François Gorriez, avocat, fondateur de Lawxer
« Le premier outil de cybersécurité, c’est le contrat »
Habituellement relégués aux directions juridiques, les contrats deviennent, dans la lecture de François Gorriez, une brique centrale de la cybersécurité d’entreprise. NIS2, DORA, RGPD : derrière ces textes, il y a une exigence claire de maîtrise de la supply chain numérique. Or, une grande partie des failles et incidents naissent chez les prestataires et sous-traitants. D’où la nécessité, pour les DSI et RSSI, de considérer le contrat comme un véritable outil de sécurité, au même titre qu’un EDR ou un SOC.
Au micro de Thomas Pagbé, François Gorriez détaille comment clauses techniques et organisationnelles, droits d’audit, exigences de notification d’incident et gouvernance de la donnée doivent être intégrés dès la négociation. Il présente aussi Lawxer, une application qui promet un « Juri-Score » des contrats, à la manière d’un Yuka de la cybersécurité, pour aider les équipes IT à évaluer rapidement le niveau de risque juridique des conditions signées. Enfin, la discussion s’ouvre sur l’IA Act, la propriété intellectuelle des contenus d’entraînement et générés par l’IA, et la nécessité de cartographier les usages d’IA dans l’entreprise. Autant de sujets qui annoncent un dialogue renforcé entre RSSI, DSI, juristes et métiers.
Oriana Labruyère, avocate, fondatrice de La Robe Numérique
« Il ne faut pas que la sobriété soit l’angle mort des projets IT »
Face à la vague des POC d’IA générative, la sobriété numérique semble avoir disparu des slides… mais pas des bilans carbone ni des comptes d’exploitation. Oriana Labruyère rappelle qu’on ne peut pas afficher des ambitions RSE et, dans le même temps, déployer massivement des modèles très consommateurs de données et de calcul sans interroger leur efficience réelle. La sobriété devient un critère de continuité d’activité autant qu’un enjeu d’image.
L’entretien revient aussi sur le rôle des data centers comme pièces maîtresses de la souveraineté européenne. Le « cloud qui n’existe pas » se résume à des bâtiments, à des emplois, à des choix industriels et énergétiques très concrets, portés ou non par une stratégie nationale et européenne.

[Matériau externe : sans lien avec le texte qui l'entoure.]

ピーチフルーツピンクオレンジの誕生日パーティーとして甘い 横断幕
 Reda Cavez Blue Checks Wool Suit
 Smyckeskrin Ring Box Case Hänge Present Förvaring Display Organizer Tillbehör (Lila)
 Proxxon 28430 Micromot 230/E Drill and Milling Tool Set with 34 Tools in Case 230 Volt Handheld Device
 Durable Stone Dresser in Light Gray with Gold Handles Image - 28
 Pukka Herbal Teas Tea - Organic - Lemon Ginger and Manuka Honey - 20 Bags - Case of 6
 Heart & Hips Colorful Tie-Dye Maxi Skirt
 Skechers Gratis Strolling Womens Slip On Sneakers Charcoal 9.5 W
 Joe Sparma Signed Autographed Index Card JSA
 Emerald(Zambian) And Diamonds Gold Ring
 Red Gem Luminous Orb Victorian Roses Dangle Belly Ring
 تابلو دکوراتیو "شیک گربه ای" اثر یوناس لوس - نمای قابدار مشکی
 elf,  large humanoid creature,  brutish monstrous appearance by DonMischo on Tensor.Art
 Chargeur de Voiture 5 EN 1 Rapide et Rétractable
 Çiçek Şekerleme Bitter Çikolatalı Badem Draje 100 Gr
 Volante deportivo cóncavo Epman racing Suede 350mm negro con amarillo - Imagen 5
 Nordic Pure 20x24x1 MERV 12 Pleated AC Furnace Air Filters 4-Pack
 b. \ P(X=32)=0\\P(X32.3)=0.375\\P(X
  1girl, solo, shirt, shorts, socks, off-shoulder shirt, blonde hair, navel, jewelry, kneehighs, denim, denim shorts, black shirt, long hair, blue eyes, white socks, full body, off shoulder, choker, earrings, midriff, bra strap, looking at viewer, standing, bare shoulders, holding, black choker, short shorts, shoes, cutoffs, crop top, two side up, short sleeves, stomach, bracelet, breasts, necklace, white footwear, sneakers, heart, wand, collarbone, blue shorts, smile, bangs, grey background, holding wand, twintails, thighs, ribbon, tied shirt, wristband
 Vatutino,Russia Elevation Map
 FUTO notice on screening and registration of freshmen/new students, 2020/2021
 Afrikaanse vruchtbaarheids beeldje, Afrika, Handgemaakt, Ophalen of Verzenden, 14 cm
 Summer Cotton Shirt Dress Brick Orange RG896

Entre coûts de l’IA, localisation des données, agilité nécessaire pour changer de fournisseur et impératifs RSE, les DSI se retrouvent face à une équation où chaque décision d’architecture engage la trajectoire ESG et financière de l’entreprise sur plusieurs années. Une conversation qui redonne de la profondeur stratégique à des débats trop souvent réduits à des arbitrages purement techniques.